Jim Nason is a Canadian writer from Toronto, Ontario. He is most noted for his poetry collection Rooster, Dog, Crow, which was a shortlisted finalist for the Raymond Souster Award in 2019.

He has also been nominated for several ReLit Awards, receiving nods in the Poetry category for Narcissus Unfolding in 2012 and Touch Anywhere to Begin in 2017, and in the Short Fiction category for The Girl on the Escalator in 2012.

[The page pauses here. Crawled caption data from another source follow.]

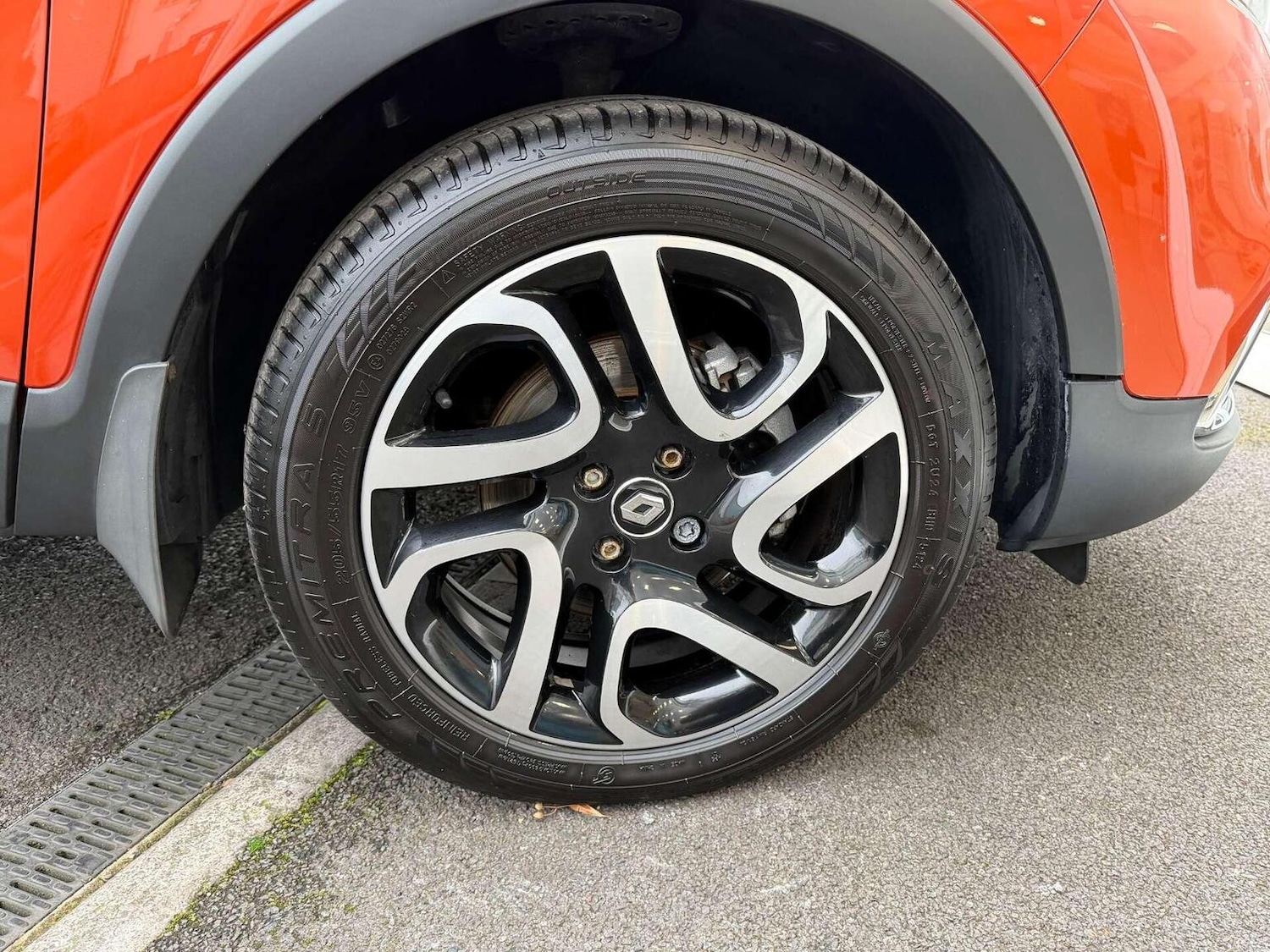 Used Renault Captur 2017 for sale - 77014809: Photo 20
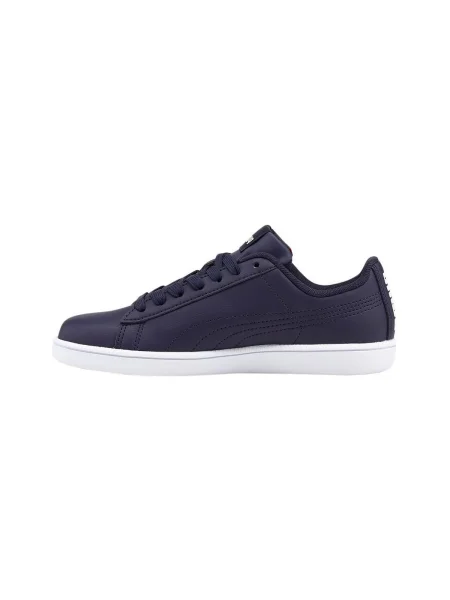 Pantofi copii Puma violet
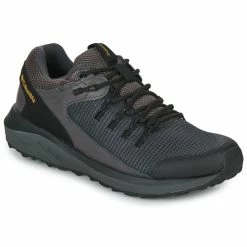 Columbia - TRAILSTORM WATERPROOF Gris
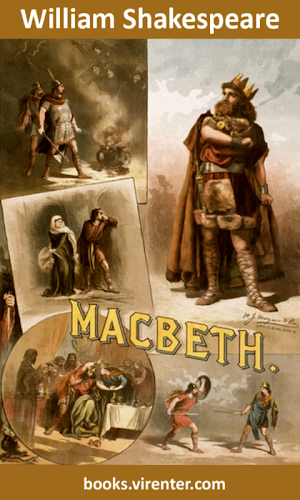 The Tragedy of Macbeth Screenshot 0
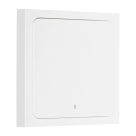 Умный одноклавишный выключатель Яндекс Zigbee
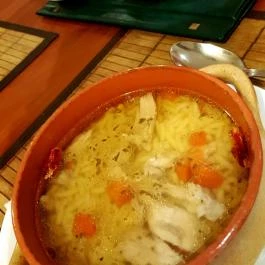 Casablanca Étterem Debrecen - Étel/ital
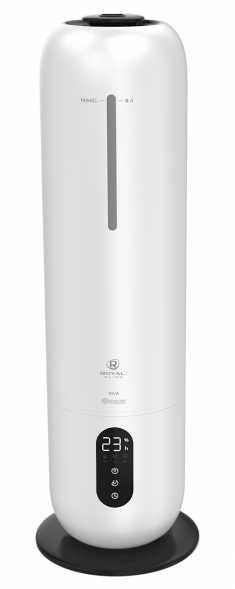 Бытовой увлажнитель серии RIVA RUH-RV300/8.0E-WT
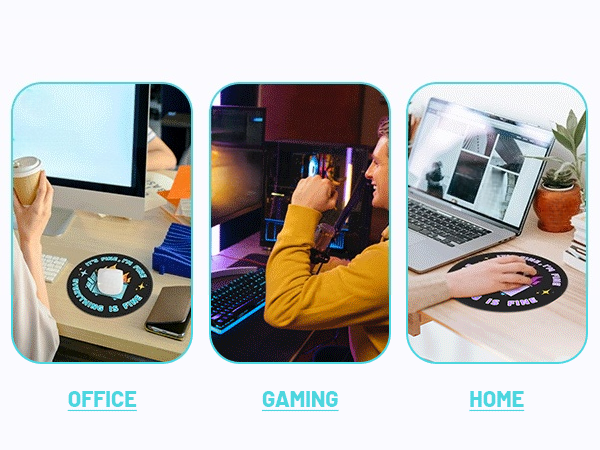 mousepad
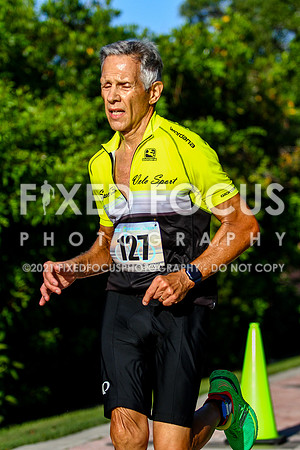 2021 Riverfront Triathlon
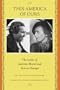 This America of Ours: The Letters of Gabriela Mistral and Victoria Ocampo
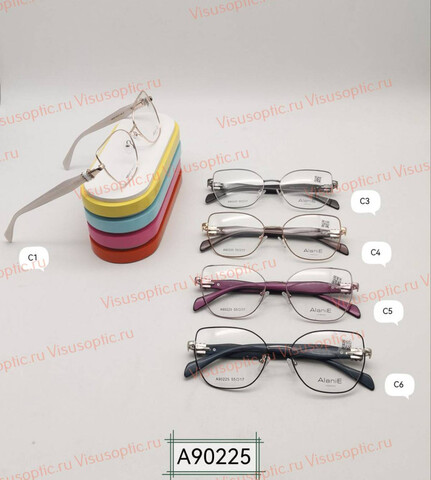 Оправа очков Alanie A90225 Алания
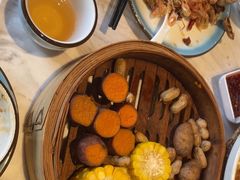 -曹家小菜(胜太路店)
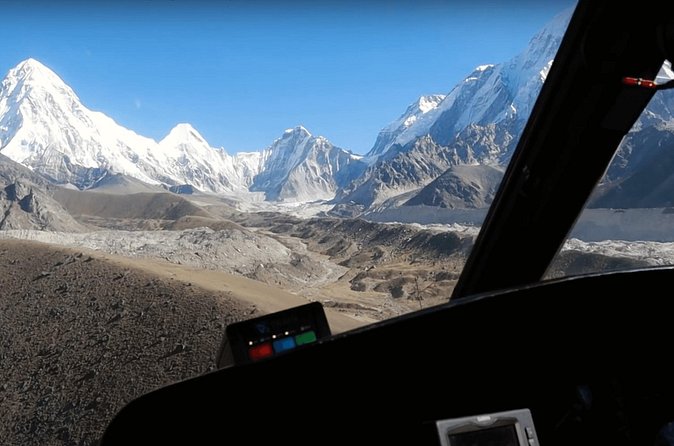 Day Tour to Everest Base Camp By Helicopter - Is $1,600 a Fair Price?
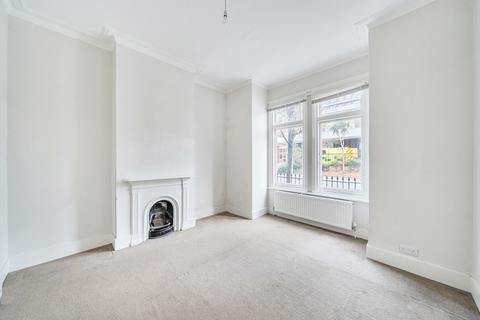 3 bedroom terraced house for sale, St. Dunstans Road, London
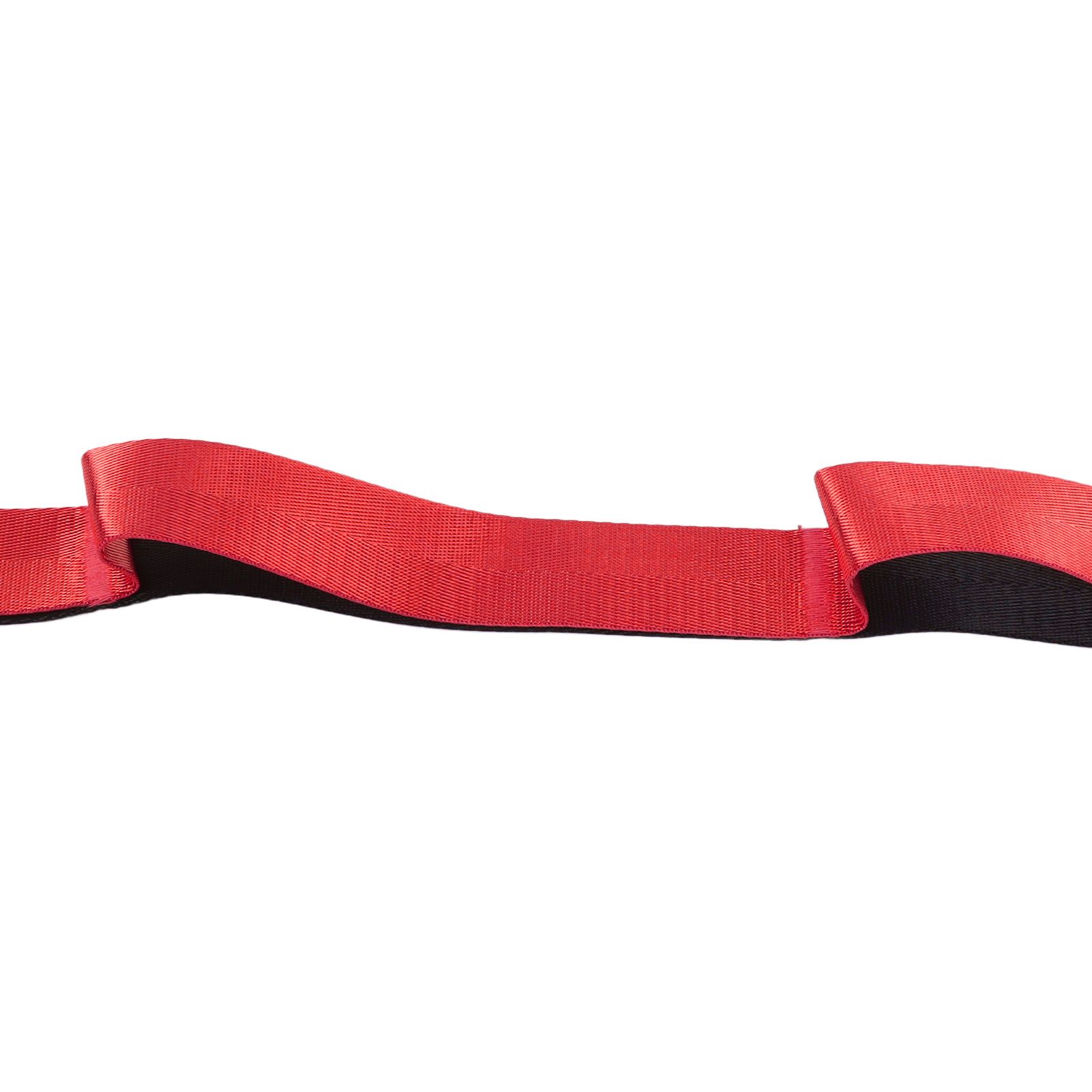 Stretch Strap Yoga Nylon Elastic Band Exercise Equipment for Home Workout view 14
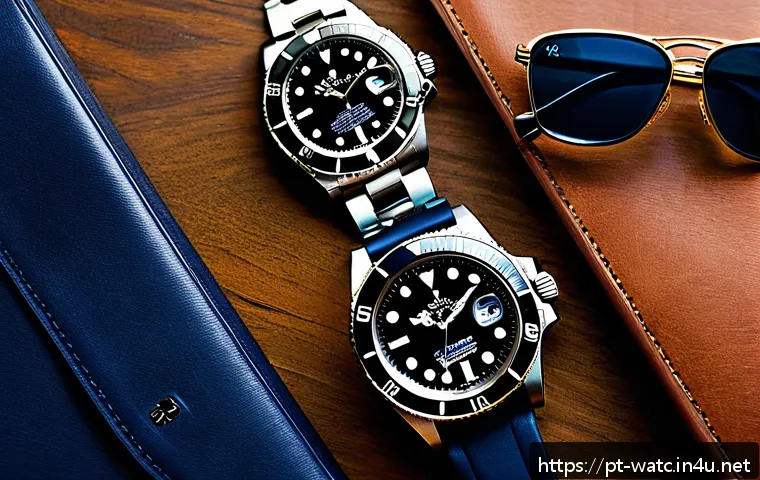 롤렉스 서브마리너 41mm vs 40mm 관련 이미지 2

He published his debut poetry collection If Lips Were As Red in 1991, but put his writing career on hold for a number of years to work as a caregiver for people with HIV/AIDS. He returned to writing in the 2000s following the death of his partner, publishing the poetry collection The Fist of Remembering in 2006 and the novel The Housekeeping Journals, based in part on his own experiences as a caregiver, in 2007.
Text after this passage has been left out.